The more I think about this, the more upset I get. How can I possibly live a life that's not my own? I'm afraid to be in my head with only me because I am terrified to let someone else down. I can't take time for myself, I can't write people off because what if I was the one thing that was helping them?
In truth, I make myself far too important to others when, in actuality, I'm just another face to whine at. I'm just another dog to kick. I'm not a true person to anyone. I'm not the kind of person that people think about when I'm not in their face. As much as I wish that wasn't true, it is.
And, in a way, that's completely normal. I should accept it and call it life. But I have a hard time doing that when I know that so many people run through my mind in a real way every single day and I'm not even in the back of theirs.
I swear, I don't mean this to be a negative, attention grabbing post but hey. I need to think about myself, even if it's for five minutes.
I wish I could say I was done but it's not my personality. I doubt I will ever be done trying to fix people, trying to help and always trying to keep from letting people down. But it gets to be really hard when I have no expectations of anyone and I still get let down.
For once, I want someone to shoot me a text and just say hi because they thought of me without having to prompt an interaction.

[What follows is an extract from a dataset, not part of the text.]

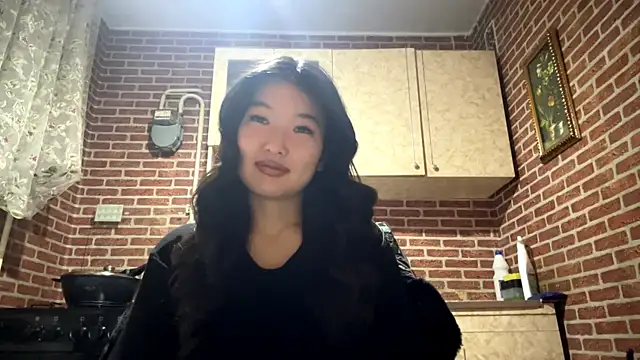 Snapshot of EmmaLeexth chatting on February 12, 2026, 2:12 pm EmmaLeexth online show from February 12, 2026, 2:12 pm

For once, I want to be able to know that I can take a break without devastating someone and giving them the impression that I'm selfish or I don't care.
Why am I expected to care twenty-four/seven when I don't get even five minutes of care from anyone? Life's not fair, I get it, but it makes me really want to just detached and keep my head down, trudging through life with no expectations from anyone or from me.
I guess this is my lot in life. Okay. I just wish I had been given a heads up so I could prepare myself for this.